The lady scoffed, and sunk back into the blood from whence she came. The blood followed, and so did the smell of blood, leaving no earthly trace of her presence behind.
000
Aisha closed the gate mere moments before the spell could be let through, dooming thousands of her own countrymen to die in Altaluvia.
“Explain,” the general said to her from the other side of the table that they had used as a scrying tool to look over the battlefield. “What happened!”
“They’re dead,” Aisha said. “All of them are dead. Both sides.” And thank the Golden Amura that the good general had elected to hold so many of them back from the vanguard, relying instead on the quality of his troops to win the war rather than their quantity. If not, their losses would have been far greater.
“Your pet witch, I take it,” the general said, remarkably calm despite hearing that a fourth of his troops had just been killed.
“The witch she was fighting,” Aisha corrected. “Not her. Or maybe her as well. I don’t know. Battles between witches never benefit anyone.” She had seen it with her own eyes the destruction and carnage that two mad practitioners could wreak, especially when turning their ire towards each other. Such battles were, at best, futile, and at worst, suicidal. If there was a clear victor in this battle, then that would be a surprise all on its own.
When blood was high, one tended not to think clearly or rationally, two of the most important aspects of mental discipline necessary to use magic with any level of success. Direct fighting undermined all of that, to disastrous consequences.
“Hundreds of thousands dead,” the general sighed. “We can’t even claim any of them as slaves. At the very least, their riches should be unguarded, if those haven’t already been destroyed by the magic.” Aisha rolled her eyes at the man’s callousness.
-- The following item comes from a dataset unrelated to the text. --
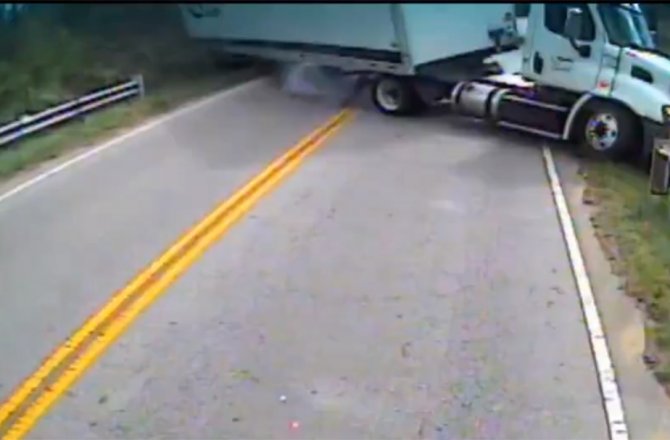 ÖĞRENCİ SERVİSİ İLE TIR BÖYLE ÇARPIŞTI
Had it been up to her, she never would have assisted in this twisted endeavor, but unfortunately the highest authority of the Golden Cities had fallen to ‘depravity’ as it were, and now witches like her were forced to sate the High Sultan’s endless appetite for wealth and riches beyond mortal imagination, eclipsing even that of his Sky Ministers.
There was, however, no sating an avarice so unbound by reason. Not in this finite world of scarcity.
Aisha made to walk out of the tent. “I will contact our superiors.” She would, in fact, finally make good on that escape she had prepared for so long now. This was the straw that had broken the camel’s back; she could no longer fight in a war that could see the annihilation of hundreds and thousands in an instant. It was just plain unhealthy. Any of those people could easily have been her.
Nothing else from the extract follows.